Re: [SLUG-POL] Important, biased commentary--courtesy of me

From: R P Herrold (herrold@owlriver.com)
Date: Wed Nov 06 2002 - 00:11:55 EST


On Tue, 5 Nov 2002, Paul M Foster wrote:

> Russ mentioned a case back in the 1700's one time, the first one where
> the federal Supreme Court decided to "interpret" the law. Might have
> been a good idea to start impeaching judges right then. Then maybe we
> wouldn't have had to deal with 200+ years of judges doing it.

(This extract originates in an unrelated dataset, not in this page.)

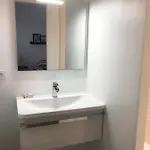 A Quelques Pas Du Sentier Du Littoral Maison De 펜션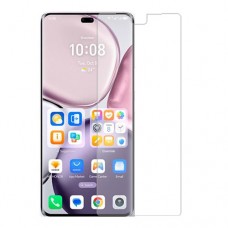 Honor X9c מגן מסך הידרוג'ל שקוף (סיליקון) יחידה אחת סקרין מובייל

Marbury v. Madison. A well stated precis is at:
   http://www.jmu.edu/madison/marbury/background.htm

Particularly telling is this excerpt:
 "But through its role as arbiter of the Constitution, [the
federal Supreme Court] has, especially in the twentieth
century, been the chief agency for the expansion of individual
rights." --

Clothing the federal Judiciary's 'role as arbiter' -- a
hopefully neutral referee -- to put a sugar coat on the
judicial activism from 1950 on, is a pretty nice prevarication
-- it is raw judicial usupration of the political checks and
balances between the three Branches.

But back from 1787 through through Reconstruction, the federal
government was a mere shadow of what it became after 1929 --
heck, federal courthouses were still pretty sleepy places
until after WW II

The 'popular' abnegation of personal responsibility, the
emergence and unchecked growth of the 'entitlement' mentality,
and the secular 'liberalization' of the US culture are not
hopeful signs within the last half century.